◆ **EXERCISE AIM**
The answer must consist only of the lines from the line with "Erfrischender Couscous-Salat mit" to the line with "Anime Frieren: Beyond", both included, exactly as they stand below.

--- INPUT MATERIAL Enclosed Below ---

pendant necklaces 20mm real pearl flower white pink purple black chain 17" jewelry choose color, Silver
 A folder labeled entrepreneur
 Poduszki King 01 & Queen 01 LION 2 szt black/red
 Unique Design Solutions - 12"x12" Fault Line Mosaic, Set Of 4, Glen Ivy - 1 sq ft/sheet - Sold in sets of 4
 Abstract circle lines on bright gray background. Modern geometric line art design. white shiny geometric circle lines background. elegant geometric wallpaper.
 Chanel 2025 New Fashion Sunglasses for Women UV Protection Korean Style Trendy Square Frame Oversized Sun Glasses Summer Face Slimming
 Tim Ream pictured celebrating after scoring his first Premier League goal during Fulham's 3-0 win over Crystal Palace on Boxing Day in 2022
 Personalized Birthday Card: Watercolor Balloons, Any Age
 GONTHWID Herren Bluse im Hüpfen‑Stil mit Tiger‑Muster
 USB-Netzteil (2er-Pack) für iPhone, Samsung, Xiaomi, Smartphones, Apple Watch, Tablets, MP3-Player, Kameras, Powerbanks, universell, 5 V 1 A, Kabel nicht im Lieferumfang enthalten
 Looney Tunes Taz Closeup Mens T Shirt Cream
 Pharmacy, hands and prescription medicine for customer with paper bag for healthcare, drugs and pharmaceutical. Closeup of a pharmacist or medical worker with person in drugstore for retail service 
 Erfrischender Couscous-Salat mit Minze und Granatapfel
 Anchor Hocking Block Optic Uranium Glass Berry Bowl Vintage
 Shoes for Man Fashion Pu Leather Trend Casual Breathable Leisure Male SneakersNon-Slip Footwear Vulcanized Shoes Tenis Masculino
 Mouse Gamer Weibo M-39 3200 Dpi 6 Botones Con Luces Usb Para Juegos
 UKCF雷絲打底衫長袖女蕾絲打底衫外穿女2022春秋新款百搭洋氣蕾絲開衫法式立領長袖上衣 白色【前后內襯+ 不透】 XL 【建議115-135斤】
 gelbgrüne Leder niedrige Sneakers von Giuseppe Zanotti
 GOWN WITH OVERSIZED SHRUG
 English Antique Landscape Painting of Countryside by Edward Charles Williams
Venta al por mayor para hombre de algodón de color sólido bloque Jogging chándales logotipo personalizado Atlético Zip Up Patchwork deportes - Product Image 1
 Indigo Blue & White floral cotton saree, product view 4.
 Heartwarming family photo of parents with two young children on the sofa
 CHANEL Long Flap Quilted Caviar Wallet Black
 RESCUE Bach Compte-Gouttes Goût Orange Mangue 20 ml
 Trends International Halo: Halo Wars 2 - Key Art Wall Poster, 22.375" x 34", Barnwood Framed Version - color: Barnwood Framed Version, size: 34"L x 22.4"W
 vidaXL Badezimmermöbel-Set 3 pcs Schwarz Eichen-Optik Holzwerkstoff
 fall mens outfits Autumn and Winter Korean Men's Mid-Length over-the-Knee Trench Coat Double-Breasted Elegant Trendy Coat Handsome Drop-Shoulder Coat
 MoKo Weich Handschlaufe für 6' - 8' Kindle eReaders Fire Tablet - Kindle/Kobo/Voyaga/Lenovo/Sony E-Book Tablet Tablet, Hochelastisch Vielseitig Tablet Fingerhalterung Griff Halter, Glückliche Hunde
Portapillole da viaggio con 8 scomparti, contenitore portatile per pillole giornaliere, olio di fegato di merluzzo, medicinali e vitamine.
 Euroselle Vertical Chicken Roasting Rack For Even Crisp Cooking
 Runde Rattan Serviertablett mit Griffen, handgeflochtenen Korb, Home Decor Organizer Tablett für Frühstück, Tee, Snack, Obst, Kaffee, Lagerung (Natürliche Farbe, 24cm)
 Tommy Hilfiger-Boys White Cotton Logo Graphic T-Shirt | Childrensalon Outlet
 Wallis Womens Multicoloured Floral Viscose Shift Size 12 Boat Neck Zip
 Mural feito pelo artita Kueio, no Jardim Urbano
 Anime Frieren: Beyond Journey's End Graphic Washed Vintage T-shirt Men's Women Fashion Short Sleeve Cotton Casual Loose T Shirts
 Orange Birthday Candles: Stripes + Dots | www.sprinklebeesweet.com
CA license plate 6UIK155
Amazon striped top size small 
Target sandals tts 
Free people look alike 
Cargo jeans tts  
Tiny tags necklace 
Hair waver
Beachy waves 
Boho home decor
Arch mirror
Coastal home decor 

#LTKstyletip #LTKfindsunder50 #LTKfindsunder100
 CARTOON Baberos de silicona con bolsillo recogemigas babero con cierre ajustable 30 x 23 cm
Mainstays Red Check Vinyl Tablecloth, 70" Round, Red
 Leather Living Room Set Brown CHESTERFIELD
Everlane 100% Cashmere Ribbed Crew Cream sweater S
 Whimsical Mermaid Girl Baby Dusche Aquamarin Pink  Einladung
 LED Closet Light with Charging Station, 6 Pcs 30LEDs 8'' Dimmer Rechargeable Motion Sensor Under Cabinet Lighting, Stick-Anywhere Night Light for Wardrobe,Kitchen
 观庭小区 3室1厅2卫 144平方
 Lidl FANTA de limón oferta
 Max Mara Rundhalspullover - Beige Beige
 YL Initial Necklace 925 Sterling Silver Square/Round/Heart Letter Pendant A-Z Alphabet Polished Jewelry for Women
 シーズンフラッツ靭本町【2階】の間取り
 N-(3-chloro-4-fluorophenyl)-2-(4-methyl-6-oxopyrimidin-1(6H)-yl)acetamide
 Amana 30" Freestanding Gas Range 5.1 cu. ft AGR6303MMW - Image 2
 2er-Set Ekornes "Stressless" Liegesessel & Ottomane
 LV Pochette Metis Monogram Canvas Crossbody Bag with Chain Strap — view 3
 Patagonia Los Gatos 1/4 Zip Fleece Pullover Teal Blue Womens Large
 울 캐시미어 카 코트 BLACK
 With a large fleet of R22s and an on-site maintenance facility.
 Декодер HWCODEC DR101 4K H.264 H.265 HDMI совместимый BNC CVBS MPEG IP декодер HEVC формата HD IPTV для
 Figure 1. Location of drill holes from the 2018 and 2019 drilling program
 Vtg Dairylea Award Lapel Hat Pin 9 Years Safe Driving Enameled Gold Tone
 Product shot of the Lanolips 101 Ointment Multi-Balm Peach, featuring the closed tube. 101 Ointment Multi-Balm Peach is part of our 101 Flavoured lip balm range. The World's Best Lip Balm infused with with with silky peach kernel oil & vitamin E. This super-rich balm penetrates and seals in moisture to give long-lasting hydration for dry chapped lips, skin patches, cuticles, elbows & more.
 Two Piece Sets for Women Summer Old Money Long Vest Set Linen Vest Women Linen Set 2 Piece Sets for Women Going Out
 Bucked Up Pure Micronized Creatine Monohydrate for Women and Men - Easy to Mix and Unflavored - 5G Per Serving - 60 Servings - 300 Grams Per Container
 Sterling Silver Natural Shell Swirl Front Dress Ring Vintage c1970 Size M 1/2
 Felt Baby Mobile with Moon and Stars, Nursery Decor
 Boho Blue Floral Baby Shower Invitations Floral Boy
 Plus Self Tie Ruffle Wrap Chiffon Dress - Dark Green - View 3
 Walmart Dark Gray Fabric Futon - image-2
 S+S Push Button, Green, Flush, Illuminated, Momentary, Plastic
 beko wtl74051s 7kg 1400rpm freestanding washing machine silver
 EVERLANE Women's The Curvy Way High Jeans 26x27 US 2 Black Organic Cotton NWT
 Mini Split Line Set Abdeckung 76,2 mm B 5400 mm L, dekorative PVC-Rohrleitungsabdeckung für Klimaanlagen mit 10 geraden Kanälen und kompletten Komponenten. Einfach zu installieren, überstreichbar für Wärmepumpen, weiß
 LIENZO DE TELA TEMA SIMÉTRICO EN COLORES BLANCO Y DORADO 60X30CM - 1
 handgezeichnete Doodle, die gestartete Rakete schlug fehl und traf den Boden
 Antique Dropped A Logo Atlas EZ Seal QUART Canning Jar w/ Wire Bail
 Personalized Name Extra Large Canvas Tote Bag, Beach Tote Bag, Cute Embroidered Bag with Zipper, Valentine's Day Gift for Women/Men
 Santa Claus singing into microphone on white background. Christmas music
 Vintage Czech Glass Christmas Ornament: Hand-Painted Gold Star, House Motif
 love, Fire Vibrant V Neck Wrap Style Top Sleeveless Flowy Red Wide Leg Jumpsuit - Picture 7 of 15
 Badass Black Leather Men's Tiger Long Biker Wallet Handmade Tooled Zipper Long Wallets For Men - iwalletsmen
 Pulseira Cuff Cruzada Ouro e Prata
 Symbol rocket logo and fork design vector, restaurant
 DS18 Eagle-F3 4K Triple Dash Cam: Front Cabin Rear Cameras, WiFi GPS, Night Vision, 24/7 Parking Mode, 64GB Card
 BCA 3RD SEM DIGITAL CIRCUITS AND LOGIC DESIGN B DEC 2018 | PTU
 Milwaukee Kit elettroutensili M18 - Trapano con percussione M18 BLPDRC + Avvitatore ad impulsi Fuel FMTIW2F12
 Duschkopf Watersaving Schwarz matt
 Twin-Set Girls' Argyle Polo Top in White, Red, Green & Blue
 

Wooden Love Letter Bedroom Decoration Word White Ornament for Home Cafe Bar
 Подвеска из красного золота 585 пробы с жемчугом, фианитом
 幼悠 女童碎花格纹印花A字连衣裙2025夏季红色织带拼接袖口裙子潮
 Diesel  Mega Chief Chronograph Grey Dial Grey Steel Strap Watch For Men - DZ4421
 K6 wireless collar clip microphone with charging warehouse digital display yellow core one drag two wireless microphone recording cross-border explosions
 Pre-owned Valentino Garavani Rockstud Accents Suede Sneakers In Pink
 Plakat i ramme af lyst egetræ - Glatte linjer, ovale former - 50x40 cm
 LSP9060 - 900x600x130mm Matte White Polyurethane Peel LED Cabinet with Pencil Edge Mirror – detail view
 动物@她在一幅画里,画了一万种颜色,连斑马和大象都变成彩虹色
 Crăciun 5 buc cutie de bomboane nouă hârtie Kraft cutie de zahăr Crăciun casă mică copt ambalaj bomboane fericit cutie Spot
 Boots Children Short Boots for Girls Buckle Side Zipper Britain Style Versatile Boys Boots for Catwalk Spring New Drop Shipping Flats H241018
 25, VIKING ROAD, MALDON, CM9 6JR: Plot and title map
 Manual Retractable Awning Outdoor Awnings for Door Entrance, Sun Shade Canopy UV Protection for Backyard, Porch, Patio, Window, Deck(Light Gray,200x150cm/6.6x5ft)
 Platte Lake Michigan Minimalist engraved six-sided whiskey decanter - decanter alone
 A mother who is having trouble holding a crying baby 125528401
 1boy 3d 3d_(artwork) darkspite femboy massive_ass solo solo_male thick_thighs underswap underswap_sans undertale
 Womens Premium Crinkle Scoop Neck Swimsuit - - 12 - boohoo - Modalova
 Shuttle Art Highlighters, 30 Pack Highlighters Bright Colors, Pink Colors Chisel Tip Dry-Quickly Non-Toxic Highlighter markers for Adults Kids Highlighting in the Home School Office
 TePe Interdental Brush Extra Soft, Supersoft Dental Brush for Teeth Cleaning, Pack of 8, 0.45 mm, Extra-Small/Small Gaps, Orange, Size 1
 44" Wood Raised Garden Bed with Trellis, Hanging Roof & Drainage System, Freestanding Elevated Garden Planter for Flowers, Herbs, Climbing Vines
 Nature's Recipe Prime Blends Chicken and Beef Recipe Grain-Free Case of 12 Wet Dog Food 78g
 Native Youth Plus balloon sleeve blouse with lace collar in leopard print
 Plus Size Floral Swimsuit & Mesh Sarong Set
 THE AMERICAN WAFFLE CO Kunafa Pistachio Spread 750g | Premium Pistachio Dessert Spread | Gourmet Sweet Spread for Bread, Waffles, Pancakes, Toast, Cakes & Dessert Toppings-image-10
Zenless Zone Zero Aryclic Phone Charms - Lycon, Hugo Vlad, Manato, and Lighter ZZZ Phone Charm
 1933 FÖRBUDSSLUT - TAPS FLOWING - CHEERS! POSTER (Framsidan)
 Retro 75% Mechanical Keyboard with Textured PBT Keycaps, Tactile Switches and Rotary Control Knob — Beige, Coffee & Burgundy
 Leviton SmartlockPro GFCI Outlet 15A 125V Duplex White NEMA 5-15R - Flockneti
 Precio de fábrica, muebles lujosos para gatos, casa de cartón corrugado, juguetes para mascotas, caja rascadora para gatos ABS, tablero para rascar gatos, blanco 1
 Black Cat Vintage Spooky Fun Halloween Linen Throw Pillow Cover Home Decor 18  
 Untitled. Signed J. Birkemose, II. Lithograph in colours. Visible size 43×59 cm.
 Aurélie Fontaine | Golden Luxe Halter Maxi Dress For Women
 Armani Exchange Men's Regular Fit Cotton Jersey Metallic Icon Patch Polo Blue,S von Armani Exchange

--- End of Enclosed INPUT MATERIAL ---

◆ **ANSWER BOX**
 Erfrischender Couscous-Salat mit Minze und Granatapfel
 Anchor Hocking Block Optic Uranium Glass Berry Bowl Vintage
 Shoes for Man Fashion Pu Leather Trend Casual Breathable Leisure Male SneakersNon-Slip Footwear Vulcanized Shoes Tenis Masculino
 Mouse Gamer Weibo M-39 3200 Dpi 6 Botones Con Luces Usb Para Juegos
 UKCF雷絲打底衫長袖女蕾絲打底衫外穿女2022春秋新款百搭洋氣蕾絲開衫法式立領長袖上衣 白色【前后內襯+ 不透】 XL 【建議115-135斤】
 gelbgrüne Leder niedrige Sneakers von Giuseppe Zanotti
 GOWN WITH OVERSIZED SHRUG
 English Antique Landscape Painting of Countryside by Edward Charles Williams
Venta al por mayor para hombre de algodón de color sólido bloque Jogging chándales logotipo personalizado Atlético Zip Up Patchwork deportes - Product Image 1
 Indigo Blue & White floral cotton saree, product view 4.
 Heartwarming family photo of parents with two young children on the sofa
 CHANEL Long Flap Quilted Caviar Wallet Black
 RESCUE Bach Compte-Gouttes Goût Orange Mangue 20 ml
 Trends International Halo: Halo Wars 2 - Key Art Wall Poster, 22.375" x 34", Barnwood Framed Version - color: Barnwood Framed Version, size: 34"L x 22.4"W
 vidaXL Badezimmermöbel-Set 3 pcs Schwarz Eichen-Optik Holzwerkstoff
 fall mens outfits Autumn and Winter Korean Men's Mid-Length over-the-Knee Trench Coat Double-Breasted Elegant Trendy Coat Handsome Drop-Shoulder Coat
 MoKo Weich Handschlaufe für 6' - 8' Kindle eReaders Fire Tablet - Kindle/Kobo/Voyaga/Lenovo/Sony E-Book Tablet Tablet, Hochelastisch Vielseitig Tablet Fingerhalterung Griff Halter, Glückliche Hunde
Portapillole da viaggio con 8 scomparti, contenitore portatile per pillole giornaliere, olio di fegato di merluzzo, medicinali e vitamine.
 Euroselle Vertical Chicken Roasting Rack For Even Crisp Cooking
 Runde Rattan Serviertablett mit Griffen, handgeflochtenen Korb, Home Decor Organizer Tablett für Frühstück, Tee, Snack, Obst, Kaffee, Lagerung (Natürliche Farbe, 24cm)
 Tommy Hilfiger-Boys White Cotton Logo Graphic T-Shirt | Childrensalon Outlet
 Wallis Womens Multicoloured Floral Viscose Shift Size 12 Boat Neck Zip
 Mural feito pelo artita Kueio, no Jardim Urbano
 Anime Frieren: Beyond Journey's End Graphic Washed Vintage T-shirt Men's Women Fashion Short Sleeve Cotton Casual Loose T Shirts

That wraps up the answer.